Methods: Fifty-eight patients (41 males, 17 females; mean age 62.9±6.5 years; range 45 to 78 years) operated on our clinic between May 2008 and March 2009 with the diagnosis of AAA, and 58 healthy volunteers (38 males, 20 females; mean age 58.8±11.6 years; range 30 to 79 years) with normal aortic diameters measured by computed tomography were included in this study. Thirty-two base p deletions in the CCR5 gene were screened after obtaining genomic DNAs from peripheral blood samples of the patients.
Results: When the groups were compared with the predisposing risk factors for the development of AAA, no significant difference was observed (p>0.05). Eleven patients (19.0%) had heterozygote CCR5 gene mutation in the AAA group, however, only one patient (1.7%) had heterozygote CCR5 gene mutation in the control group. While the CCR5 homozygote was normal in 47 (81.0%) patients, the CCR5 homozygote was normal in 57 (98.3%) volunteers in the control group. Chemokine receptor 5 Δ32 heterozygote gene mutation was significantly higher in the AAA group. (p=0.004).

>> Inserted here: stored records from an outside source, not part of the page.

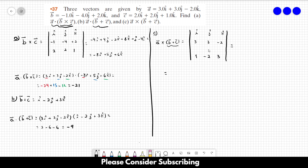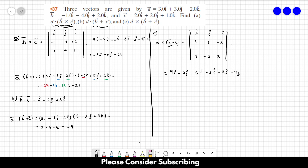Computing the determinant gives: 9 in the i direction, minus 2 in the j direction, minus 6 in the k direction, minus 3 in the k direction, minus 4 in the i direction, and minus 9 in the j direction. Summing these up: 5 in the i direction, minus 11 in the j direction, minus 9 in the k direction. That is the answer for letter C.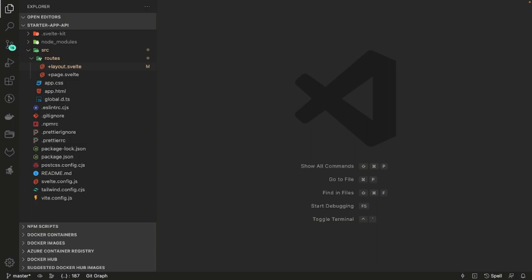Hi everyone, welcome back. In this playlist we are talking about SvelteKit. We'll start with the very basics — how to do the routing, how to handle the form actions, how we can run functions at the server side. First of all, let's start with the basics: how we are defining the routes and how we can define the APIs.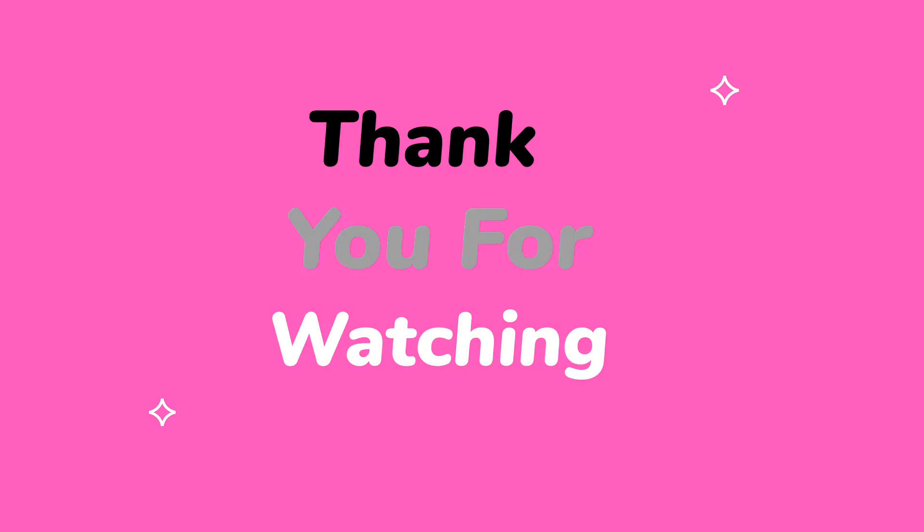Hope you all like this tutorial. Please let me know your thoughts by commenting on this video. Thanks for watching and stay tuned for next tutorial.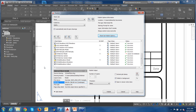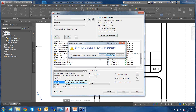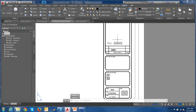Jan asks whether everything shown today will work in MAP 3D. Yes, it will, because this is base AutoCAD functionality. Any programs built on top of AutoCAD — MAP, Civil 3D, AutoCAD Architecture — these things will work well. There may be additional features in those products, but these are core functionality, so you should be fine.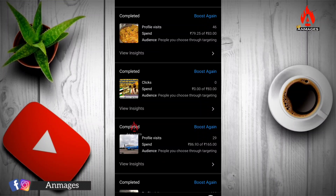We will start the promotion and then start the promotion. Sometimes we will start the promotion. If you start the promotion in 24 hours, you will start the promotion.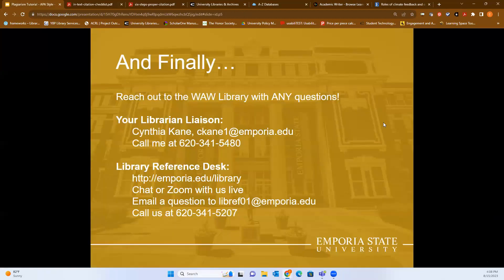Reach out to us if you have any questions. I can't write your paper, but I can give guidance if you're struggling with in-text citations or creating your references list in APA style, and I can also help you get started with research. I can be reached at ck1@emporia.edu or by phone at 620-341-5480 for in-person or Zoom appointments. You can also reach the library's reference desk at emporia.edu/library, chat or Zoom with us live, email libref01@emporia.edu, or call 620-341-5207.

Conclusion: Consequently, a relationship between CCR5 gene polymorphism and AAA was demonstrated in this study. We think that hereditary factors considered between unchanged etiologic factors play a role in the development of AAA and we believe that AAA can be treated before serious complications occur with frequent clinical check ups in people with hereditary predisposition.